Some of you fellow readers have seen me, when I was in the “zone”, writing code like there is no tomorrow. A few weeks ago, I had a particularly good opportunity to see what it means to be determined when writing code, something we should try to be every time. Actually, I believe it’s the main trait that separates people like Carmack from us mere mortals. They are able to focus on the work at hand, and overcome every problem with seemingly no effort, while we fail on the simplest hurdle.
A side note on this post, if you wonder about the subtitles, there’s a simple pattern, and if you get it, feel free to comment ;)

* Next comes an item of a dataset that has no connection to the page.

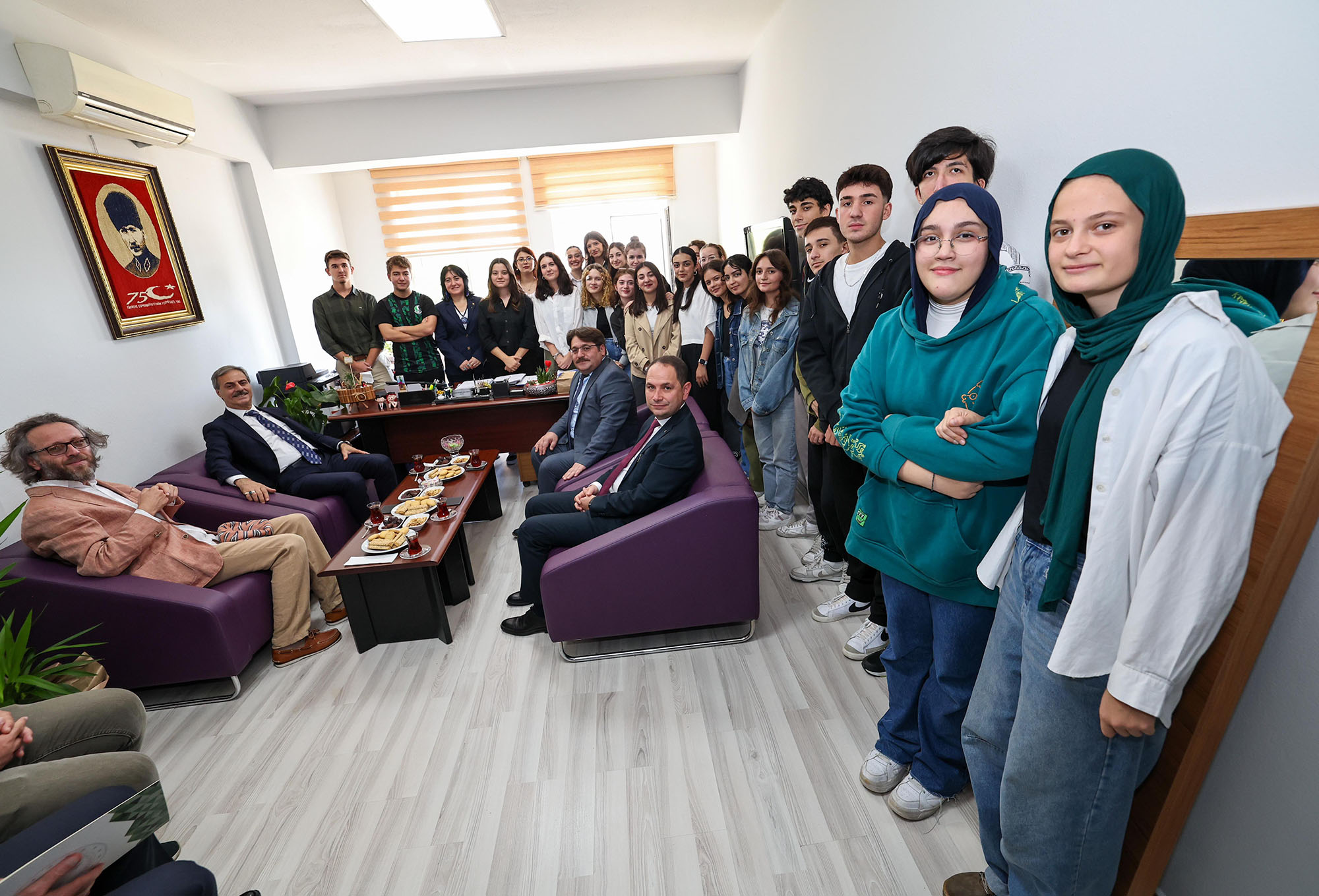 Başkan Alemdar gençler için 3 farklı çalışmayı anlattı ve öğrencilere çağrı yaptı: “Kendi hikâyenizi, kendiniz yazın”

Let’s get back to chronological order, or rather, it’s a sunny, and I come to work. I’m doing research now, so progress is much more important than everything else, and I had to get some basic algorithm running so we could see whether we’re heading into the right direction. I know now that the direction was wrong, so all the stuff I describe here has been scrapped and replaced with a hopefully superior approach, but it’s still a very good example for what I want to explain in this post.
It’s only pain
The problem was an optimisation problem, for which we wanted to use an iterative solver. To make it simple, we would compute each step by brute-force (instead of some fancy gradient descent or some other optimisation scheme), so I started the day by prototyping the algorithm in C++. Per iteration step (I’ll abbreviate as IS for the remainder of this post), it would have to perform a smaller number of computation steps (CS) over a few million elements. The time for a CS clocked in at 3 seconds, which would allow 50 iterations per night – this should be enough to see whether the algorithm was optimising anything at all.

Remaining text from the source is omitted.